Periodic Dimming Of Bright Starlight Reveals Distant Planet

Periodic dimming of bright starlight reveals distant planet. Credit: David A. Aguilar, Harvard-Smithsonian Center for Astrophysics

Using a network of small telescopes and the “transit method” of detection, scientists have made their first direct discovery of a planet orbiting a bright star. A periodic dimming of light from a bright star 500 light-years away revealed the planet’s presence. The star’s intense light will allow scientists to explore the chemical makeup of the planet’s atmosphere in future observations. A paper on the recent discovery will appear on-line today in The Astrophysical Journal Letters.


“This effort further develops the ’transit method’ and lays the groundwork for more research into the composition of the atmospheres surrounding planets outside our solar system,” said Cliff Jacobs, program director in NSF’s division of atmospheric sciences, which funded the discovery. The research is co-funded by NASA. “In this age of mega-astronomical observing tools, it’s amazing that this discovery resulted from modest observing instruments.”

This is the first extrasolar planet discovery made by a dedicated survey of thousands of relatively bright stars in large regions of the sky. It is also the first using the Trans-Atlantic Exoplanet Survey (TrES, pronounced “trace”), a network of small, relatively inexpensive telescopes designed to look specifically for planets orbiting bright stars. The telescopes make use of the transit technique, in which scientists analyze the shadow cast by a planet as it passes between its star and Earth.

The discovery team includes scientists from the Astrophysical Institute of the Canaries (IAC), National Center for Atmospheric Research (NCAR), Harvard-Smithsonian Center for Astrophysics (CfA), Lowell Observatory, and California Institute of Technology.
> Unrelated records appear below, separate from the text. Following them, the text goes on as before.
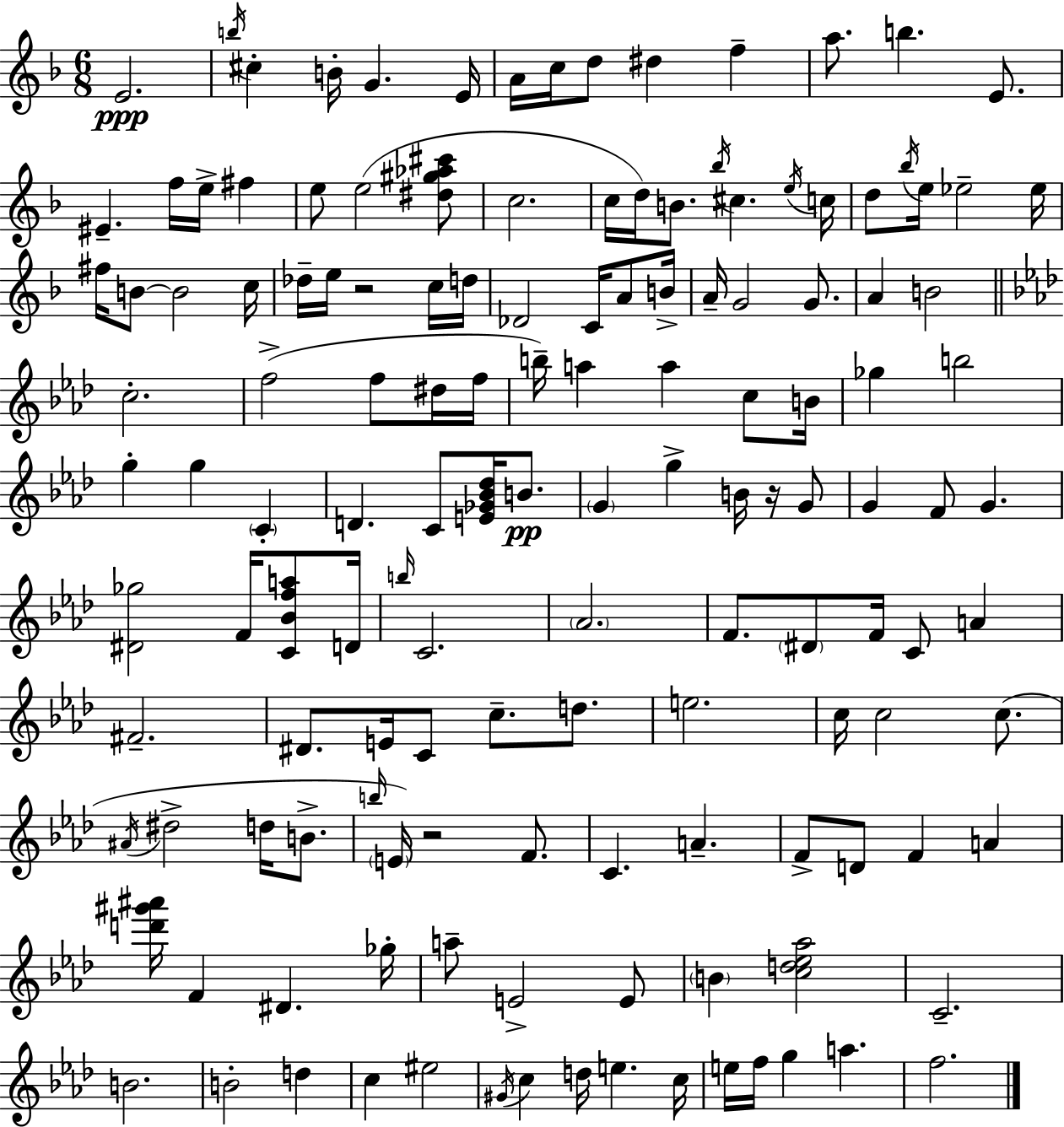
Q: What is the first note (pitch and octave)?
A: E4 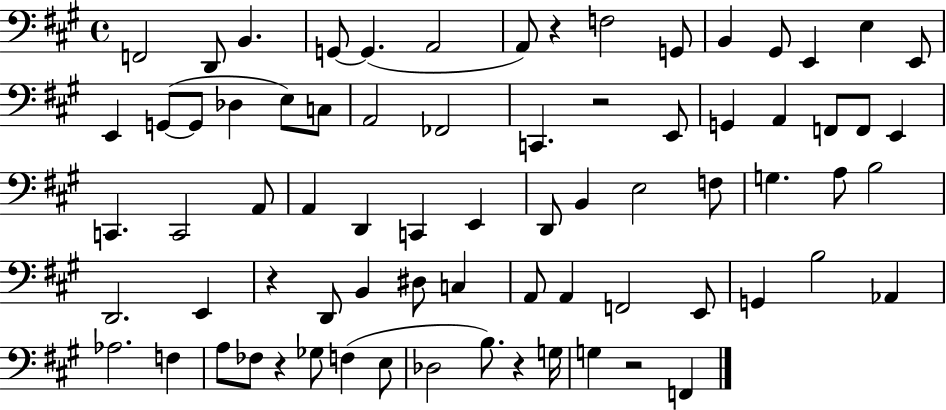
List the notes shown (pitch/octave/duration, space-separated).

F2/h D2/e B2/q. G2/e G2/q. A2/h A2/e R/q F3/h G2/e B2/q G#2/e E2/q E3/q E2/e E2/q G2/e G2/e Db3/q E3/e C3/e A2/h FES2/h C2/q. R/h E2/e G2/q A2/q F2/e F2/e E2/q C2/q. C2/h A2/e A2/q D2/q C2/q E2/q D2/e B2/q E3/h F3/e G3/q. A3/e B3/h D2/h. E2/q R/q D2/e B2/q D#3/e C3/q A2/e A2/q F2/h E2/e G2/q B3/h Ab2/q Ab3/h. F3/q A3/e FES3/e R/q Gb3/e F3/q E3/e Db3/h B3/e. R/q G3/s G3/q R/h F2/q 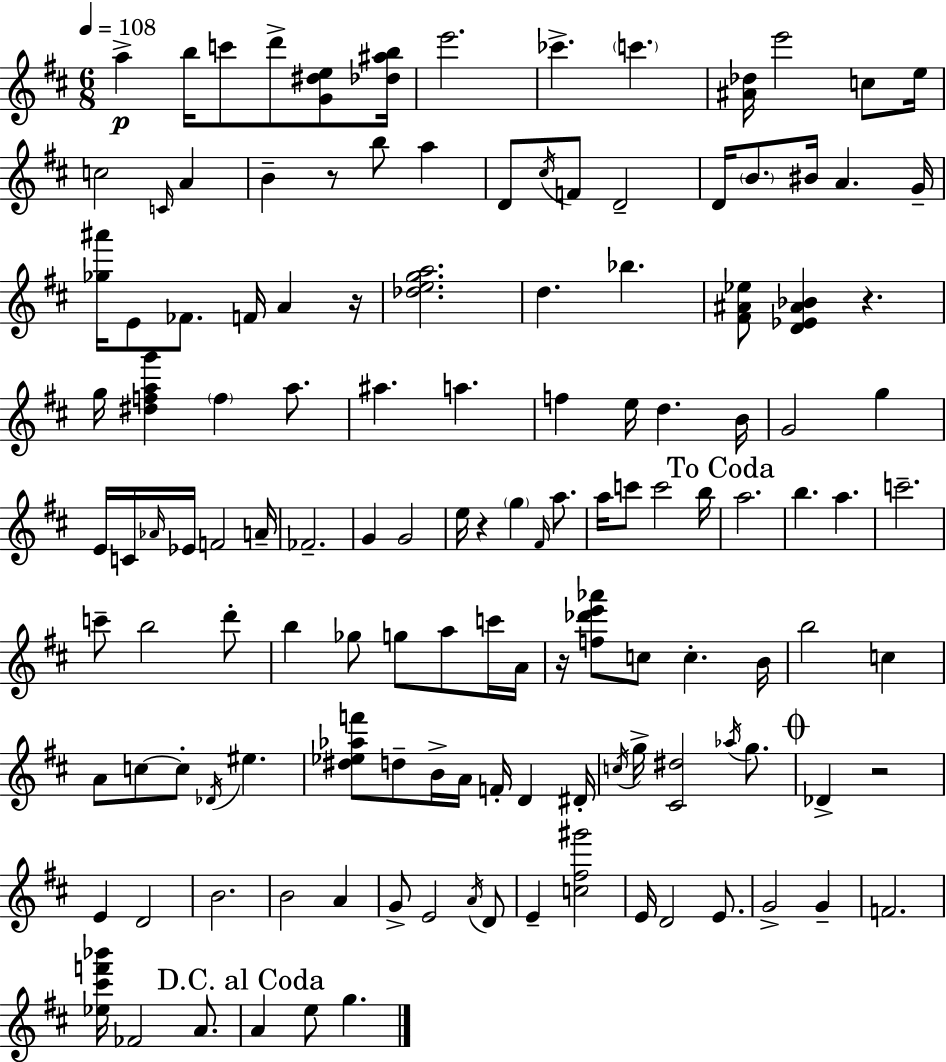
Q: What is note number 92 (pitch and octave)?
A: G5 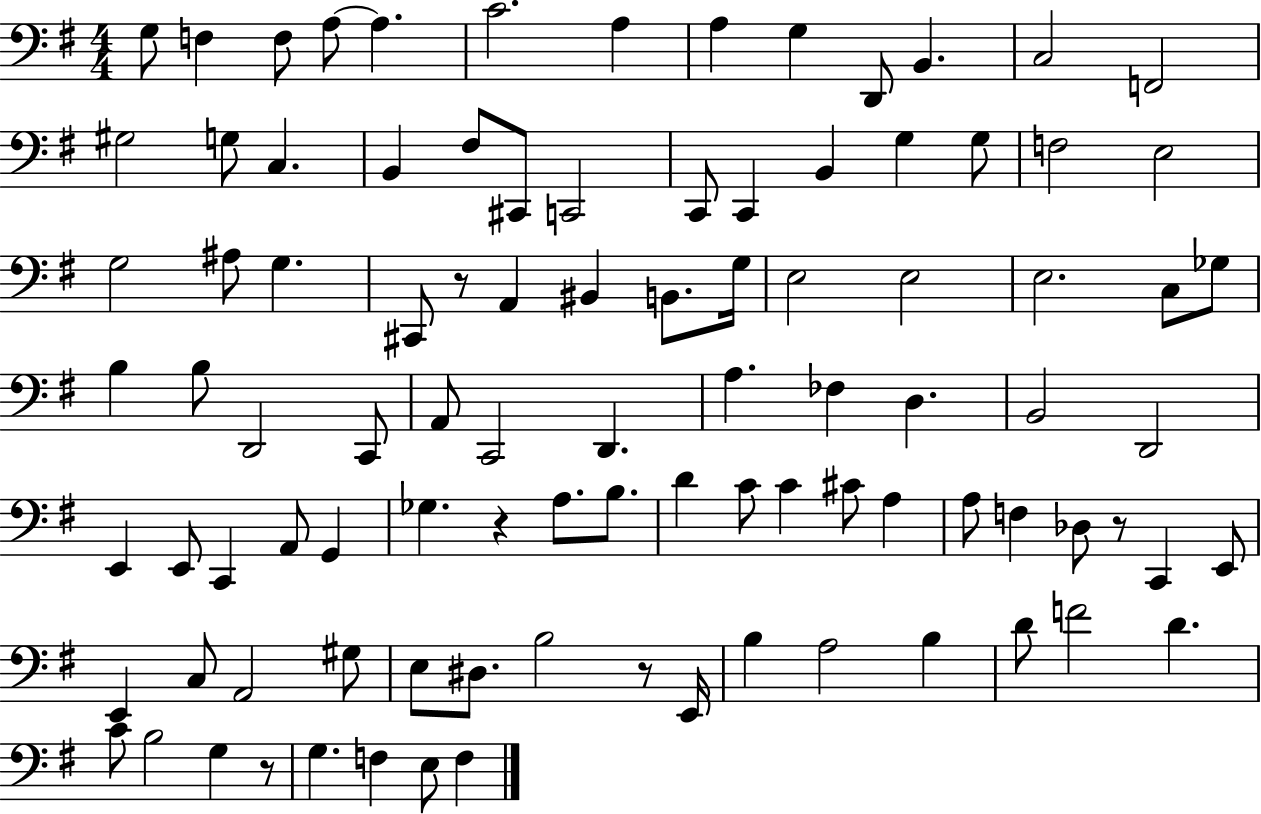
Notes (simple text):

G3/e F3/q F3/e A3/e A3/q. C4/h. A3/q A3/q G3/q D2/e B2/q. C3/h F2/h G#3/h G3/e C3/q. B2/q F#3/e C#2/e C2/h C2/e C2/q B2/q G3/q G3/e F3/h E3/h G3/h A#3/e G3/q. C#2/e R/e A2/q BIS2/q B2/e. G3/s E3/h E3/h E3/h. C3/e Gb3/e B3/q B3/e D2/h C2/e A2/e C2/h D2/q. A3/q. FES3/q D3/q. B2/h D2/h E2/q E2/e C2/q A2/e G2/q Gb3/q. R/q A3/e. B3/e. D4/q C4/e C4/q C#4/e A3/q A3/e F3/q Db3/e R/e C2/q E2/e E2/q C3/e A2/h G#3/e E3/e D#3/e. B3/h R/e E2/s B3/q A3/h B3/q D4/e F4/h D4/q. C4/e B3/h G3/q R/e G3/q. F3/q E3/e F3/q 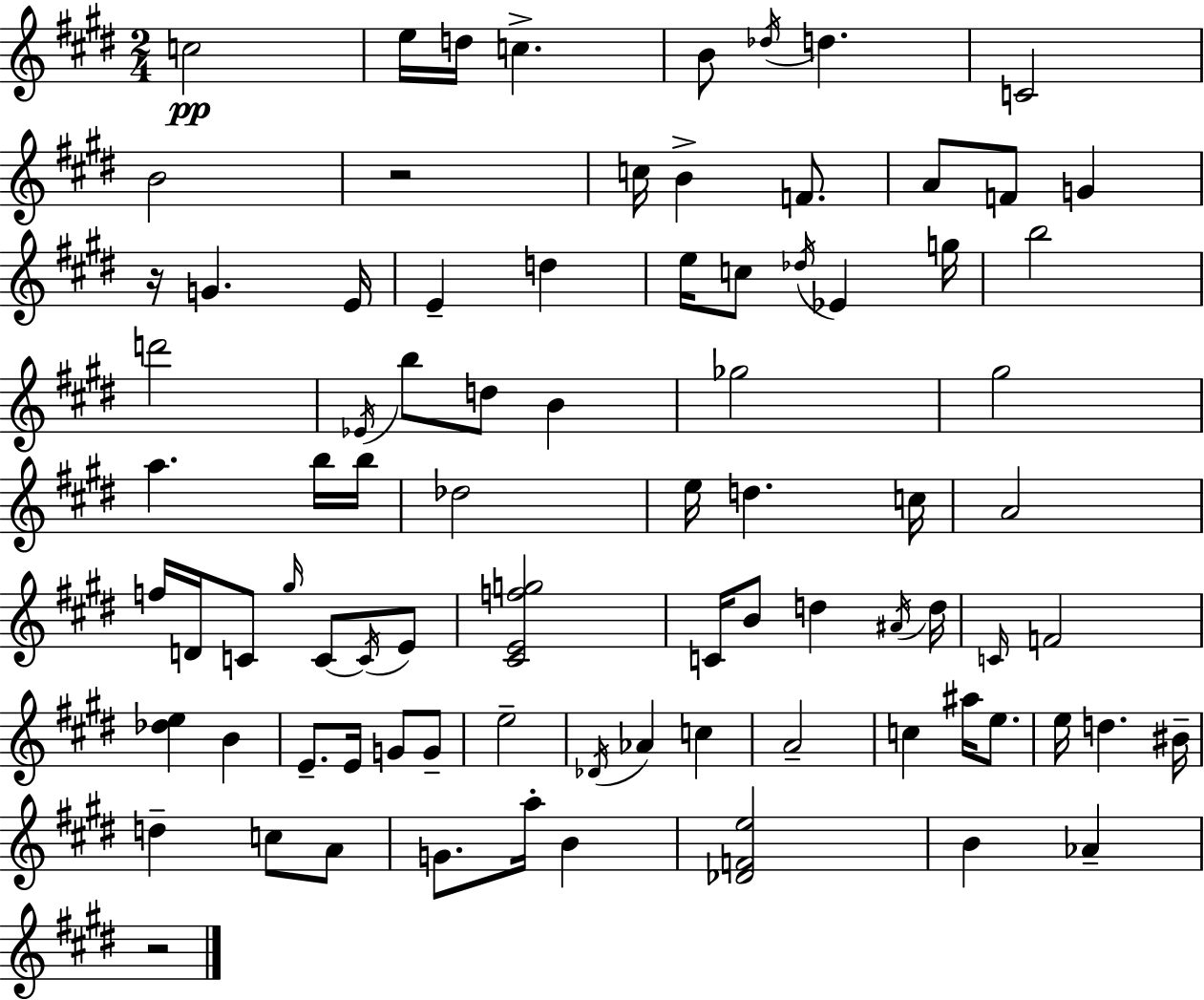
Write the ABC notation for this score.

X:1
T:Untitled
M:2/4
L:1/4
K:E
c2 e/4 d/4 c B/2 _d/4 d C2 B2 z2 c/4 B F/2 A/2 F/2 G z/4 G E/4 E d e/4 c/2 _d/4 _E g/4 b2 d'2 _E/4 b/2 d/2 B _g2 ^g2 a b/4 b/4 _d2 e/4 d c/4 A2 f/4 D/4 C/2 ^g/4 C/2 C/4 E/2 [^CEfg]2 C/4 B/2 d ^A/4 d/4 C/4 F2 [_de] B E/2 E/4 G/2 G/2 e2 _D/4 _A c A2 c ^a/4 e/2 e/4 d ^B/4 d c/2 A/2 G/2 a/4 B [_DFe]2 B _A z2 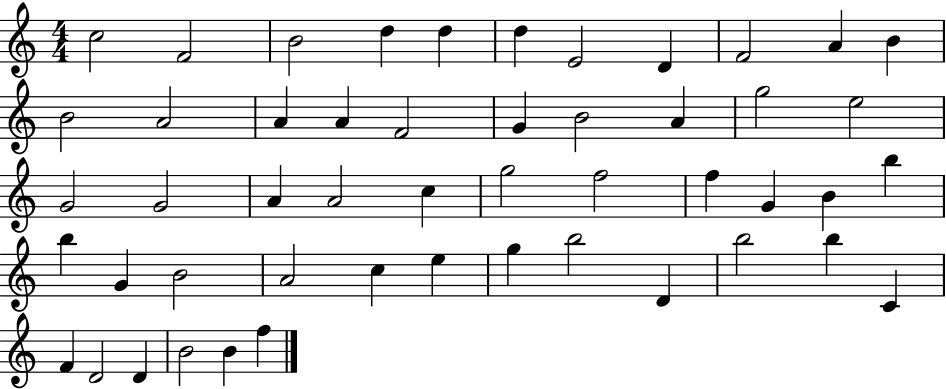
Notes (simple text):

C5/h F4/h B4/h D5/q D5/q D5/q E4/h D4/q F4/h A4/q B4/q B4/h A4/h A4/q A4/q F4/h G4/q B4/h A4/q G5/h E5/h G4/h G4/h A4/q A4/h C5/q G5/h F5/h F5/q G4/q B4/q B5/q B5/q G4/q B4/h A4/h C5/q E5/q G5/q B5/h D4/q B5/h B5/q C4/q F4/q D4/h D4/q B4/h B4/q F5/q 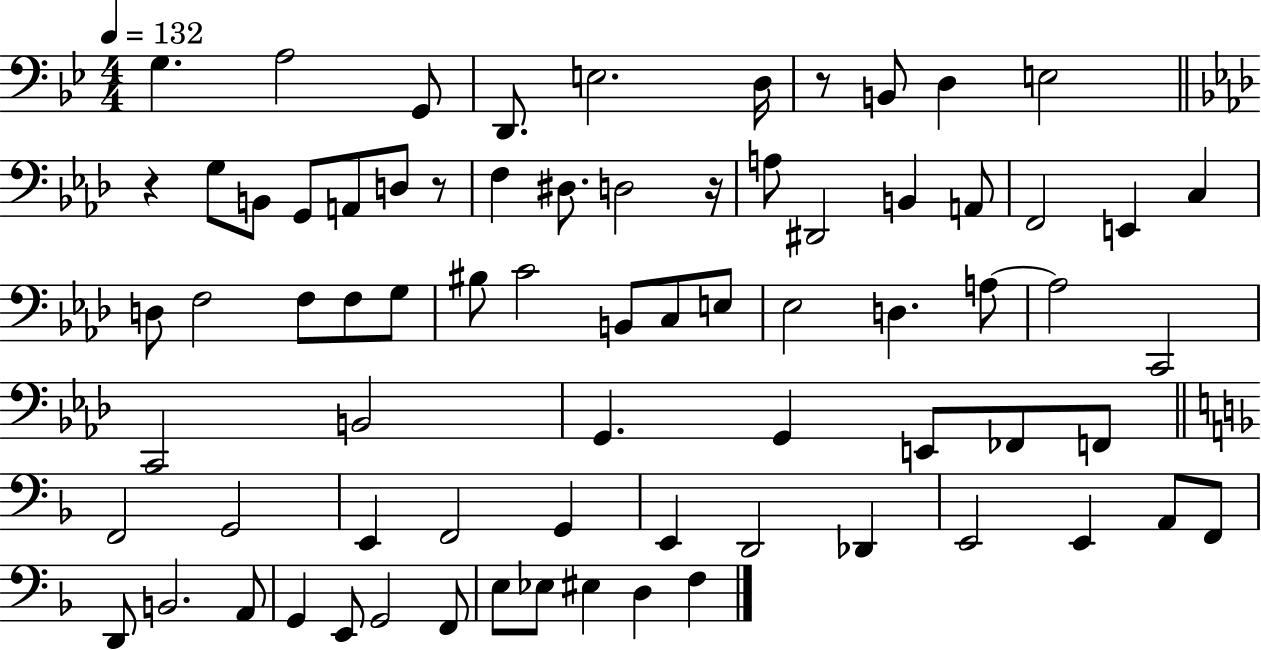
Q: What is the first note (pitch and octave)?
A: G3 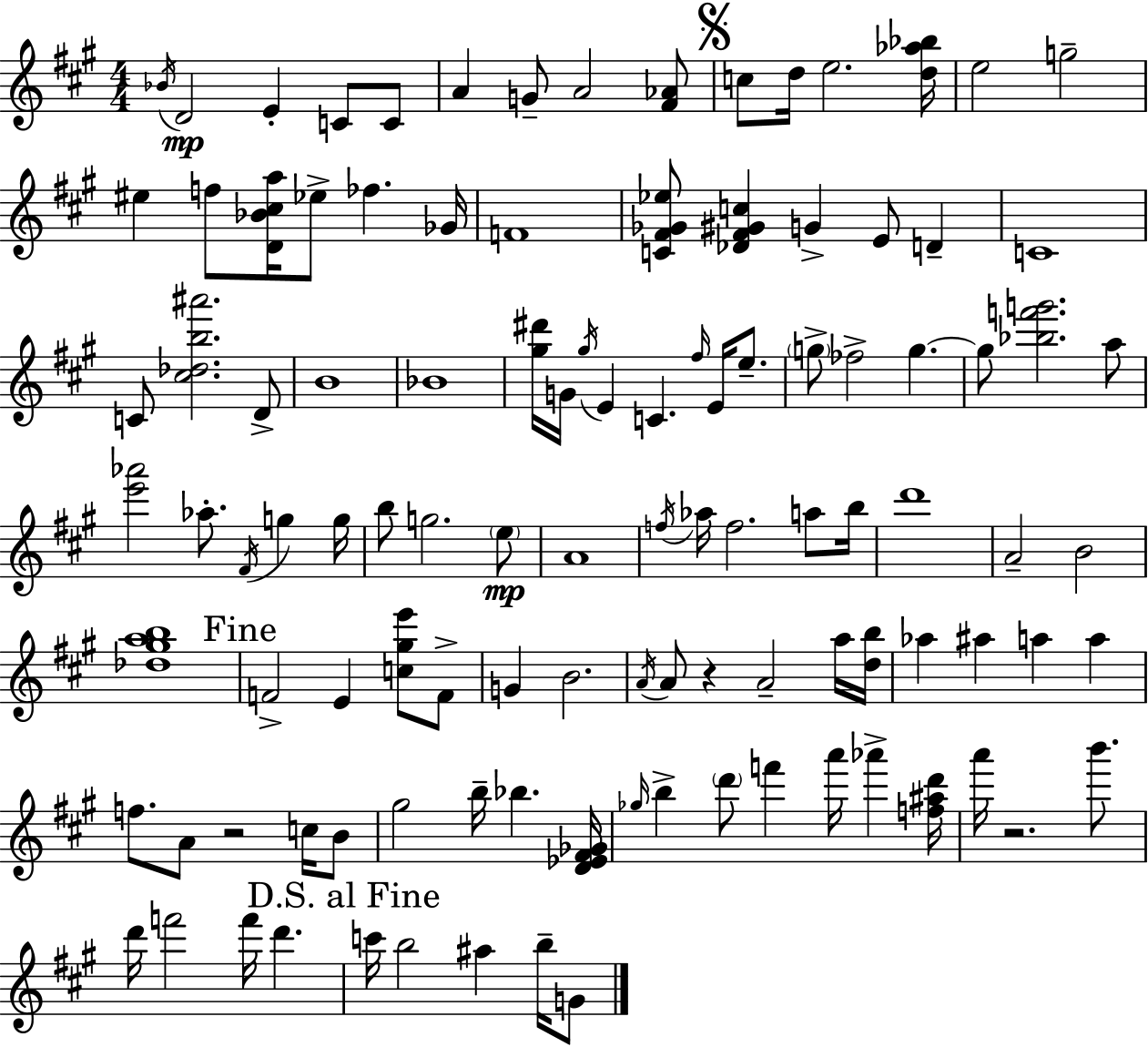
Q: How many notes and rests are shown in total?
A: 109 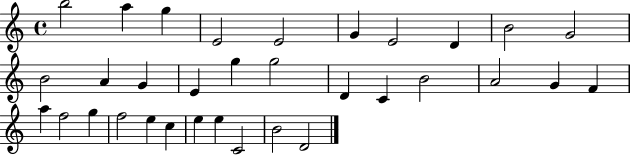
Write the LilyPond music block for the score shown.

{
  \clef treble
  \time 4/4
  \defaultTimeSignature
  \key c \major
  b''2 a''4 g''4 | e'2 e'2 | g'4 e'2 d'4 | b'2 g'2 | \break b'2 a'4 g'4 | e'4 g''4 g''2 | d'4 c'4 b'2 | a'2 g'4 f'4 | \break a''4 f''2 g''4 | f''2 e''4 c''4 | e''4 e''4 c'2 | b'2 d'2 | \break \bar "|."
}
A team of scientists led by Timothy Brown (NCAR), David Charbonneau (CfA) and Edward Dunham (Lowell Observatory) developed the TrES network. Brown built the optical system of the telescope used in the discovery and located on Tenerife in the Canary Islands. Roi Alonso Sobrino of the IAC discovered the planet, called TrES-1, after three years of persistent planet hunting.

“The fact that we can learn anything at all about a planet 500 light-years away is astonishing,” says Brown. “It’s almost paradoxical that, with the transit method, small telescopes are more efficient than the largest ones, in a time when astronomers are planning 100-meter telescopes,” says Alonso.

Of the approximately 12,000 stars examined by the TrES survey, Alonso identified 16 possible candidates for planet transits. “The TrES survey gave us our initial lineup of suspects. Then, we made follow-up observations to eliminate the imposters,” says co-author Alessandro Sozzetti (CfA/University of Pittsburgh).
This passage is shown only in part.